Wer ist Neils Bohr?

Niels Bohr (1885-1962) war ein dänischer Physiker und ein NobelPrize-winner, der einige grundlegende Beiträge zu unserem Verständnis von Atomphysik und von Quantenmechanikern bildete.

Viele Kursteilnehmer treffen zuerst Bohrs an, in den Wissenschaftskategorien der mittleren oder Highschool, in Form von Bohrs Modell zu denken, das Elektronen als Punkte auf den Orbitals bildlich darstellt, die einen zentralen Kern umgeben. Obgleich Bohrs Modell nicht eine genaue Beschreibung des Atoms ist - die Position eines Elektrons ist unsicher und wird besser als nebelige Wahrscheinlichkeitsverteilung dargestellt - es ist in unterrichtenden Kursteilnehmern die Grundlagen von Atomphysik pragmatisch nützlich.
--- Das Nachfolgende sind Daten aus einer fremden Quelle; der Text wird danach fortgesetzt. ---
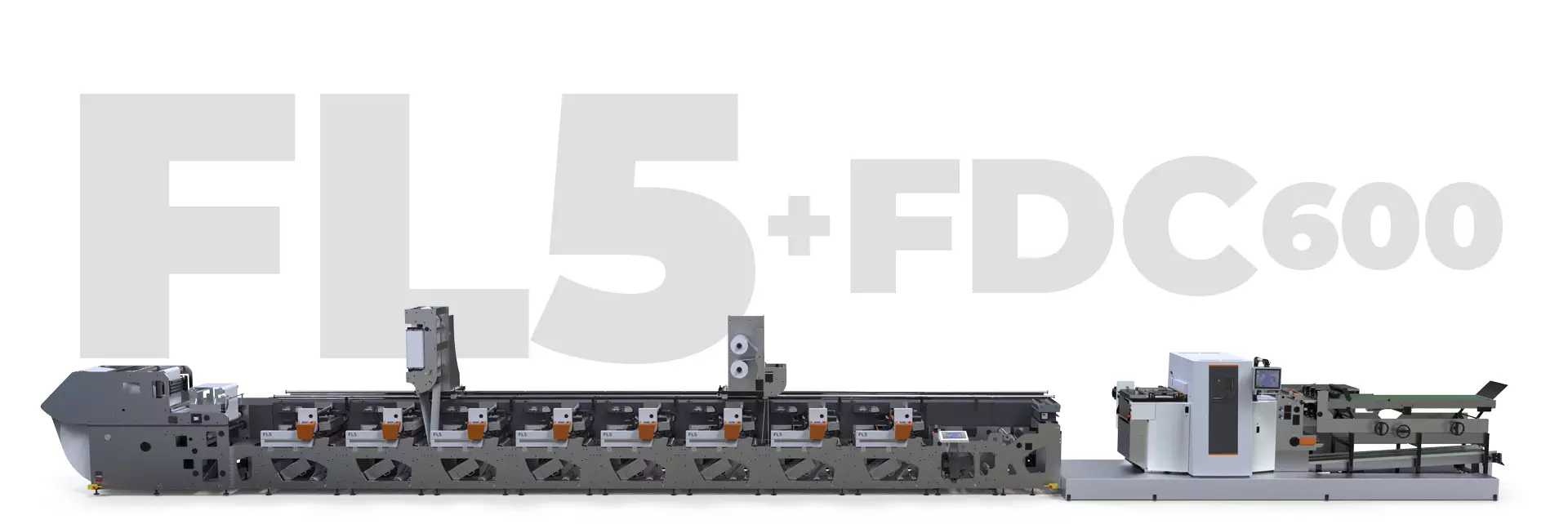 FL5 + FDC 600 - linia do produkcji kartonów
Bohrs Modell schildert, wie ein Atom eine Reihe Energieniveaus, die hat Elektronen besetzen können, benannt Orbitals, mit örtlich festgelegten Begrenzungen auf Inanspruchnahme. Es zeigt auch, wie Elektronen Energieniveaus dementsprechend ausstrahlen und aufsaugen Photonen und ändern.
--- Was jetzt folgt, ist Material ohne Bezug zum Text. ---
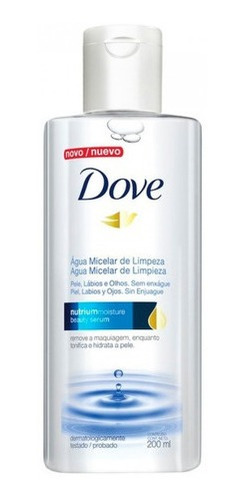 Dove Agua Micelar De Limpieza 200ml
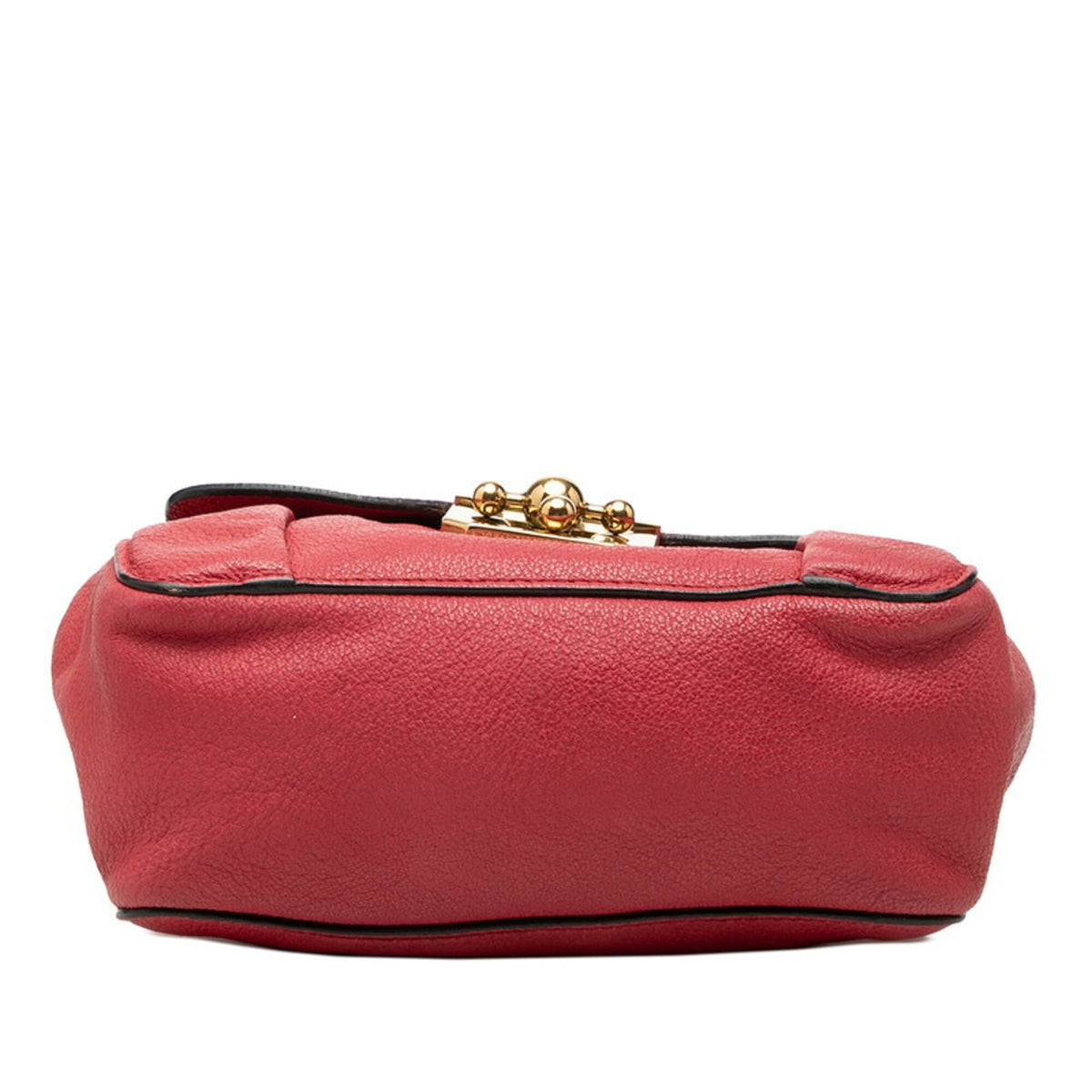 Chloé Pink Leather Shoulder Bag (Pre-Owned)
Bohr entwickelte viele der Konzepte hinter seinem Modell des Atoms, das an der Universität von Kopenhagen arbeitet. Ende der 1910s und während der Zwanzigerjahre. Er empfing den Nobelpreis 1922 in der Physik „für seine Services in der Untersuchung der Struktur der Atome und der Strahlung, die ausströmt von ihnen.“ 1921 gründete Bohr das Institut der theoretischen Physik an der Universität von Kopenhagen, die ein Magnet für theoretische Physiker während der Zwanzigerjahre und der Dreißigerjahre wurde. Einer seiner berühmtesten Kursteilnehmer war Werner Hisenberg, das half, die Grundlagen der Quantenmechaniker zu entwickeln und ein führender deutscher Physiker war-.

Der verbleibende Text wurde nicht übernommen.